Make an exact copy of the lines from the one containing "Install SQL Server 2019 for" through the end of the material, including both ends but no pictures.

[Start of Attachment]

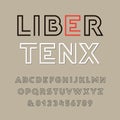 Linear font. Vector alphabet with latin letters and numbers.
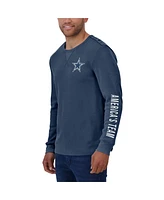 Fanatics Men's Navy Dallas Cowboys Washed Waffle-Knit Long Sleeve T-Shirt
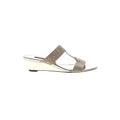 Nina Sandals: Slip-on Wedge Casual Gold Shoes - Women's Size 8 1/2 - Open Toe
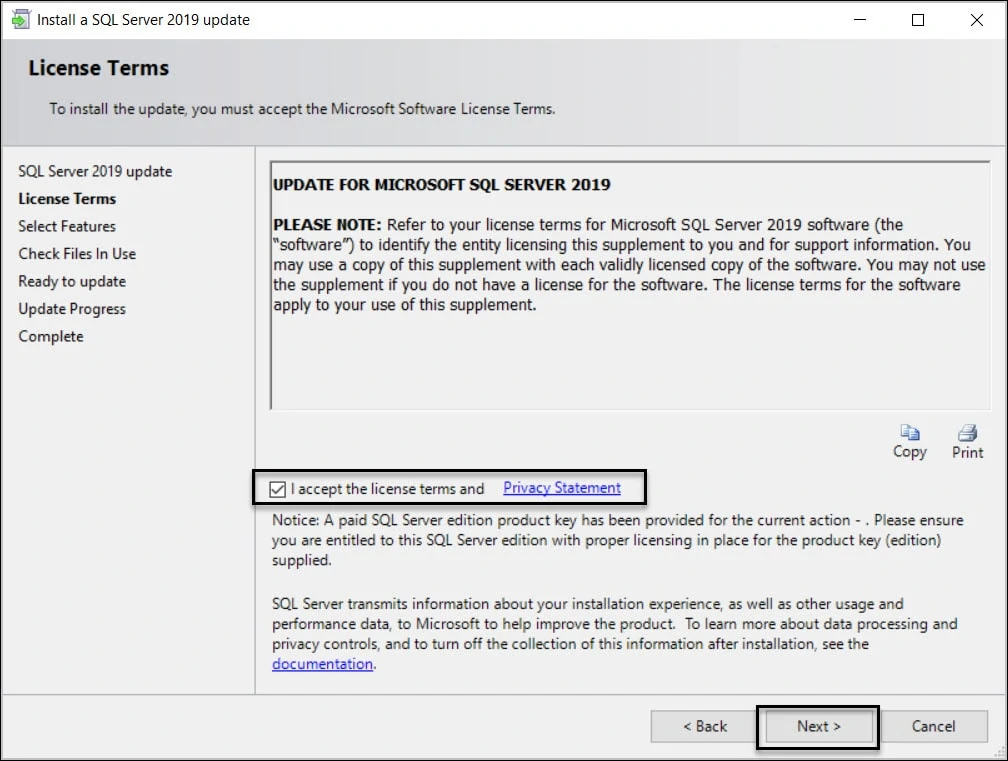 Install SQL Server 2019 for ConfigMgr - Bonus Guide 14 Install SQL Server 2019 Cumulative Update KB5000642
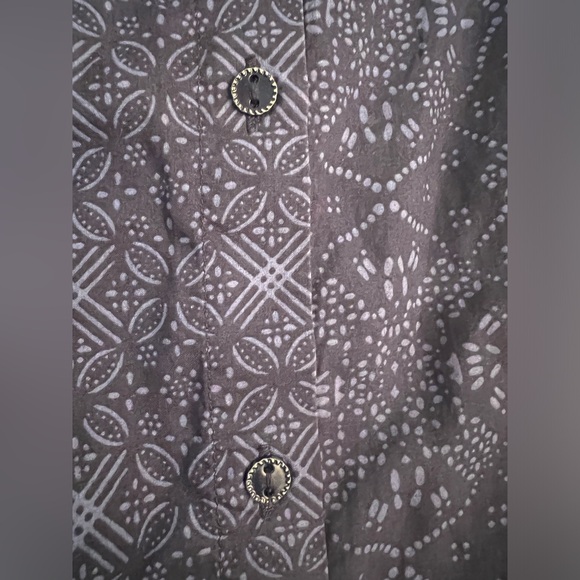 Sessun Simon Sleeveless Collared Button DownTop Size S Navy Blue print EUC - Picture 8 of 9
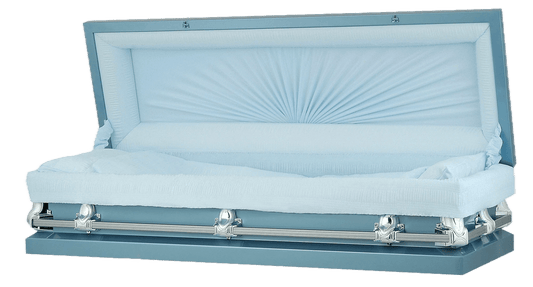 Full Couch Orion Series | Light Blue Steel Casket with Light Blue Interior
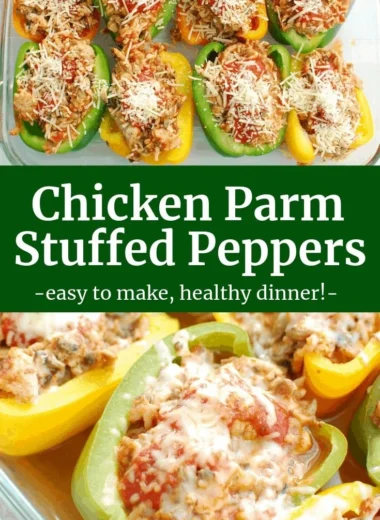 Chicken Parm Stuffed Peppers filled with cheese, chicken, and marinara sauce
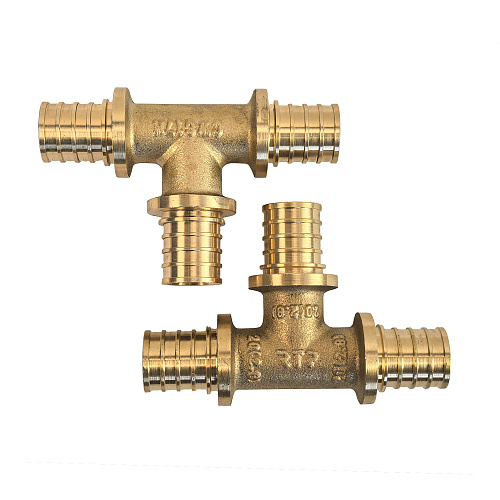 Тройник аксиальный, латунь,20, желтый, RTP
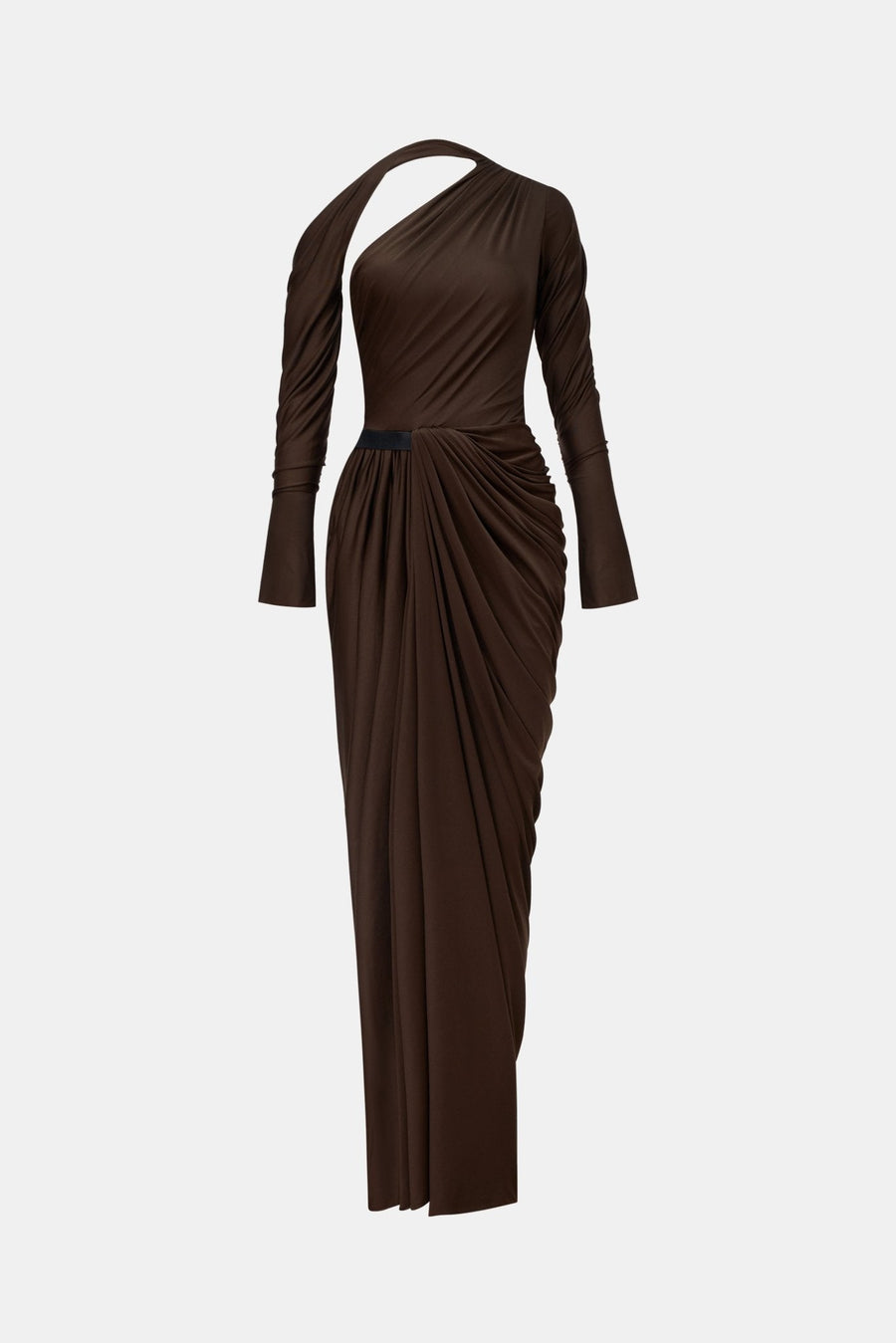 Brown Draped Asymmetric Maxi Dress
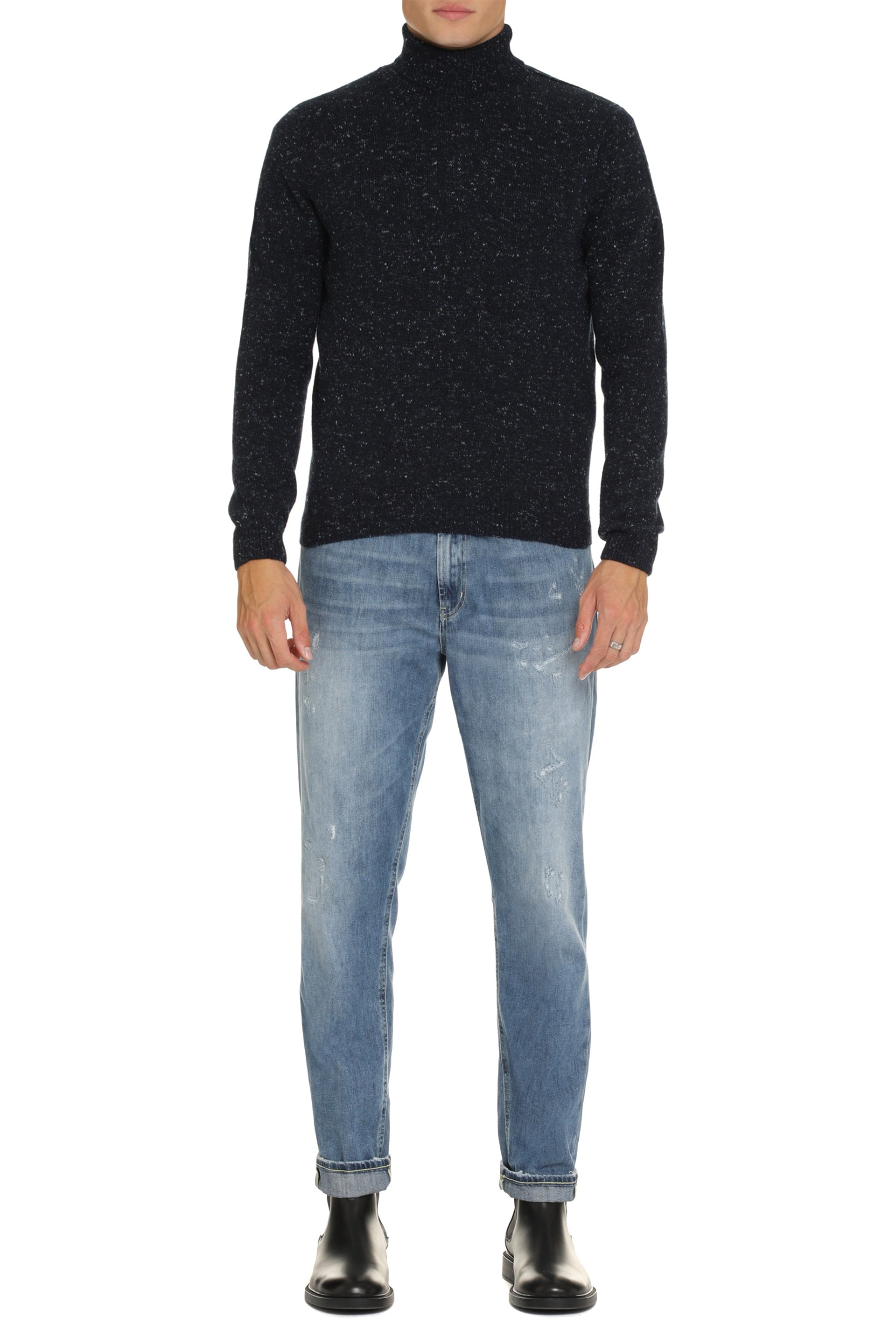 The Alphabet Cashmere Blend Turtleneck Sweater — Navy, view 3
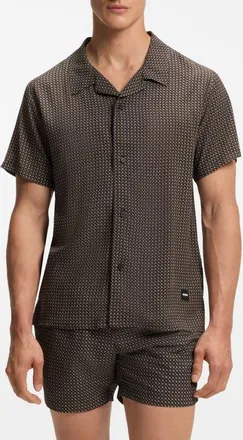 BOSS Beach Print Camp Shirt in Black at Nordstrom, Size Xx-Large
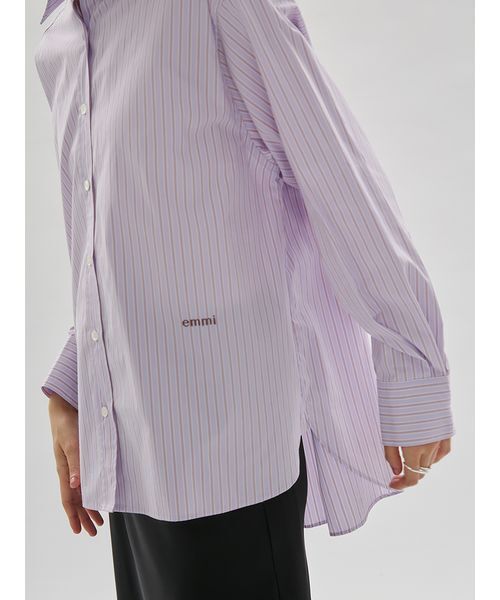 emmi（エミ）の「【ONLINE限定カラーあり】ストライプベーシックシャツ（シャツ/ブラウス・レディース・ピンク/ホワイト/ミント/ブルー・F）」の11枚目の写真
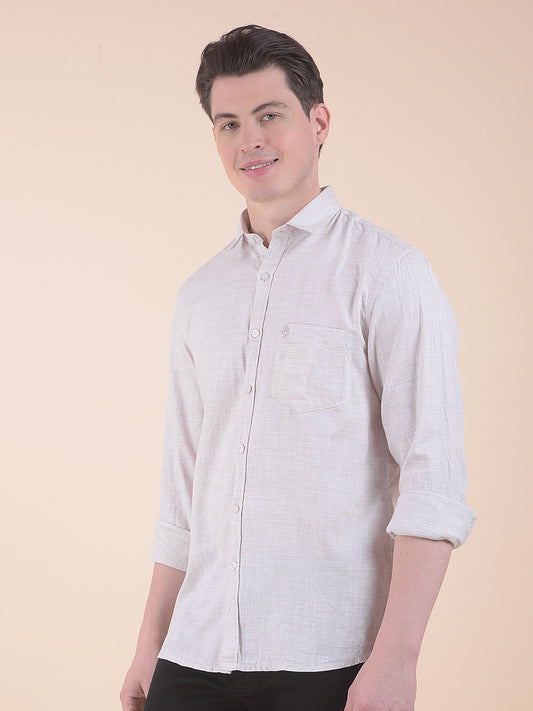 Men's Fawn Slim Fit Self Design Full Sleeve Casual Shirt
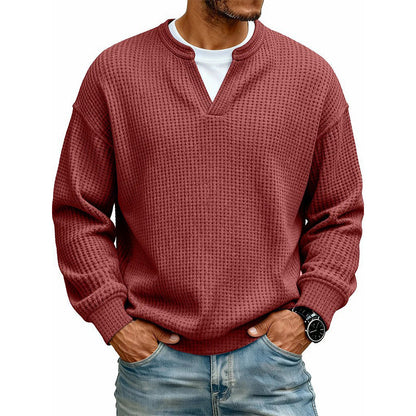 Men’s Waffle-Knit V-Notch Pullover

[End of Attachment]

(Finished task):
 Install SQL Server 2019 for ConfigMgr - Bonus Guide 14 Install SQL Server 2019 Cumulative Update KB5000642
 Sessun Simon Sleeveless Collared Button DownTop Size S Navy Blue print EUC - Picture 8 of 9
 Full Couch Orion Series | Light Blue Steel Casket with Light Blue Interior
 Chicken Parm Stuffed Peppers filled with cheese, chicken, and marinara sauce
 Тройник аксиальный, латунь,20, желтый, RTP
 Brown Draped Asymmetric Maxi Dress
 The Alphabet Cashmere Blend Turtleneck Sweater — Navy, view 3
 BOSS Beach Print Camp Shirt in Black at Nordstrom, Size Xx-Large
 emmi（エミ）の「【ONLINE限定カラーあり】ストライプベーシックシャツ（シャツ/ブラウス・レディース・ピンク/ホワイト/ミント/ブルー・F）」の11枚目の写真
 Men's Fawn Slim Fit Self Design Full Sleeve Casual Shirt
 Men’s Waffle-Knit V-Notch Pullover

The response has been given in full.